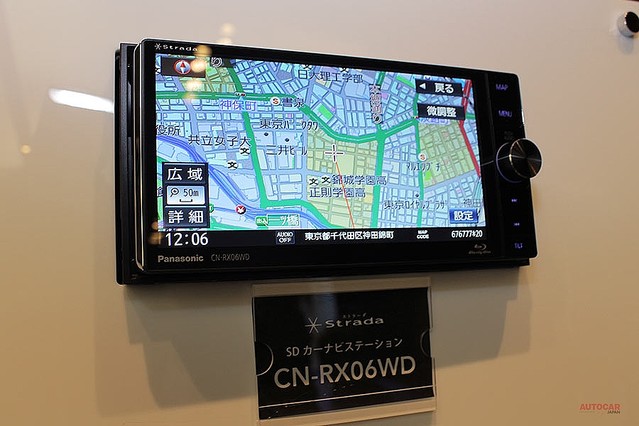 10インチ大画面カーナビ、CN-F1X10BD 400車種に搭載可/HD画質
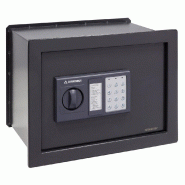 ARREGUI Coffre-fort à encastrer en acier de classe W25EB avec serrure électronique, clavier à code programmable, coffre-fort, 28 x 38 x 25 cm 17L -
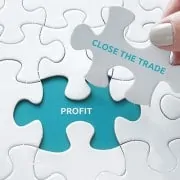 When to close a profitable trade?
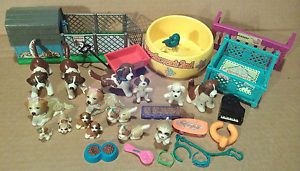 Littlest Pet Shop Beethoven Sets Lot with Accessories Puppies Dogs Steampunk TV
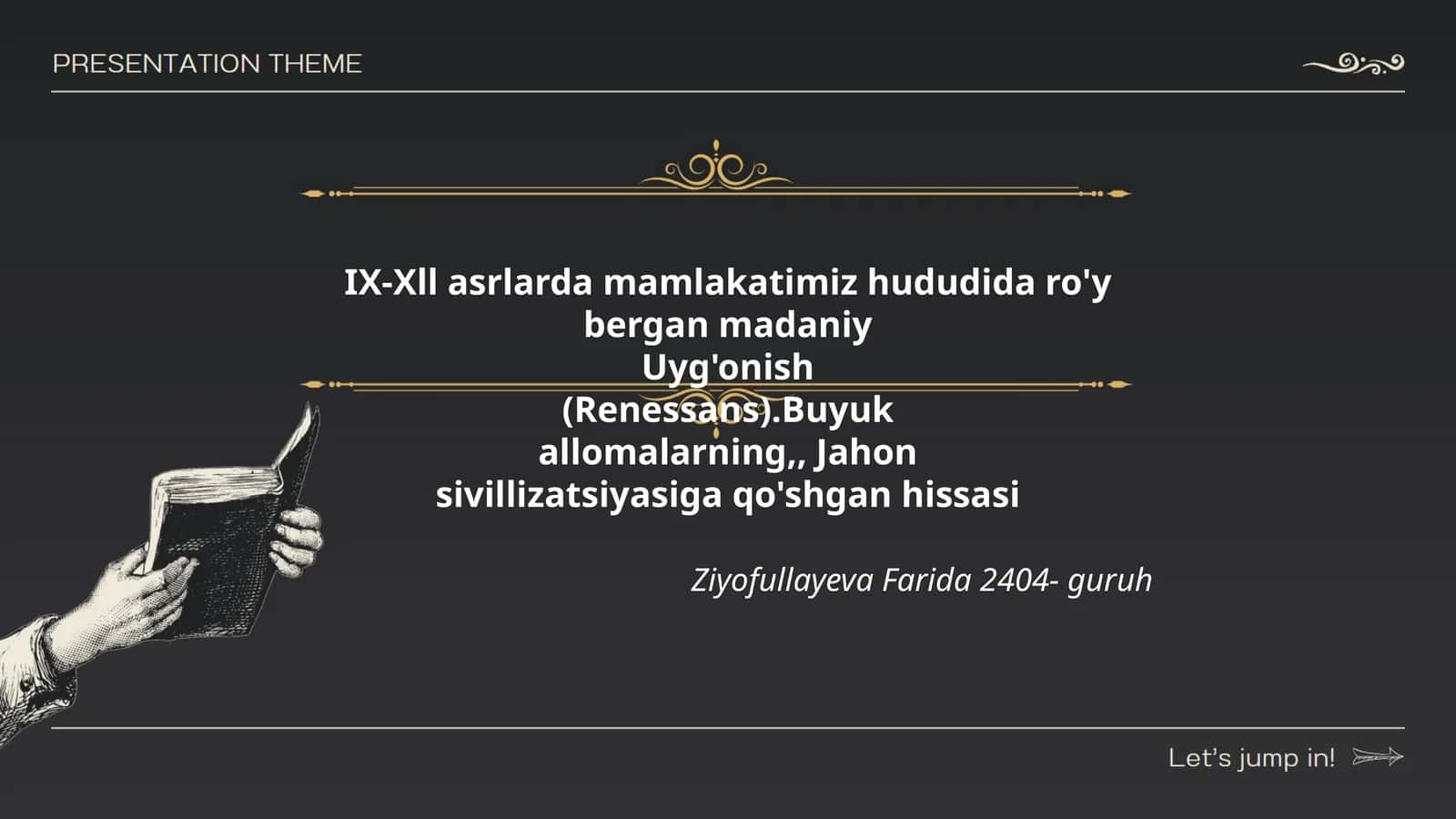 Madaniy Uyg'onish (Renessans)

### [ABOUT THIS EXERCISE]
Starting with the line that contains "ARREGUI Coffre-fort à", repeat each line exactly until the listing ends, including the last one. Leave pictures out.

### [RESULT]
 ARREGUI Coffre-fort à encastrer en acier de classe W25EB avec serrure électronique, clavier à code programmable, coffre-fort, 28 x 38 x 25 cm 17L -
 When to close a profitable trade?
 Littlest Pet Shop Beethoven Sets Lot with Accessories Puppies Dogs Steampunk TV
 Madaniy Uyg'onish (Renessans)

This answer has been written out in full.